Menurut Ubaid, banyak juga siswa yang belum paham bahwa mereka dapat memanfaatkan fasilitas penyuluhan yang disediakan sekolah. Ia menekankan perlu ada sistem pengawasan khusus untuk sekolah terkait masalah ini.

“Pengawasan sekolah selama ini lepas kontrol, jadi tidak ada satu institusi pun di sekolah yang kuat dalam melakukan kontrol terhadap kebijakan sekolah, dan juga kontrol terhadap perilaku semua pihak yang ada di sekolah itu. Harusnya di era teknologi informasi semacam ini sangat mudah, bagaimana sekolah menciptakan sebuah sistem yang di-create se-smart mungkin supaya semua orang atau semua pihak di sekolah itu terlibat dalam pengawasan di sekolah,” ujarnya.

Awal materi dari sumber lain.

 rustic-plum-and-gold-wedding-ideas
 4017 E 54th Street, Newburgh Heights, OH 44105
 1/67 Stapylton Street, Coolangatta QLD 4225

“Misalnya, dengan menggunakan tool yang ada di media sosial, segala macam itu, sangat mudah. Bagaimana komunikasi antara guru tenaga kependidikan, kemudian orang tua, komite sekolah, itu bisa di-create dengan sangat mudah, tetapi ini tidak pernah ada di sekolah,” kata Ubaid.

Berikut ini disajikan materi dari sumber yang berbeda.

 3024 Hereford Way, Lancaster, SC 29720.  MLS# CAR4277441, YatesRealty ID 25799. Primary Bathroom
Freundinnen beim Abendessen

Kemendikbud: Interaksi di Sekolah Harus Terbuka

Kepala Biro Komunikasi dan Layanan Masyarakat (BKLM) Kemendikbud Ade Erlangga ikut menanggapi kasus bunuh diri di sekolah tersebut.

“Kami prihatin atas kejadian tersebut, karena masih ada kasus-kasus bullying di sekolah. Seharusnya sekolah dapat melakukan pencegahan untuk tidak terjadinya kejadian tersebut. Caranya adalah dengan ‘kemerdekaan belajar’, yakni interaksi antara guru murid yang harmonis, interaktif, bisa saling membangun apresiasi, terbuka, dan berkarakter positif,” tulis Ade dalam pesan singkatnya kepada KBR, Selasa (22/1/2020).

Ade menyebut bahwa guru harusnya bisa mendeteksi kemungkinan adanya perundungan atau kekerasan yang dialami murid lewat komunikasi.

“Kejadian kekerasan atau dampaknya akan terasa ketika sudah terjadi. Seharusnya dapat di deteksi secara dini, jika model pembelajaran atau interaksi di dalam sekolah bersifat terbuka,” pungkasnya.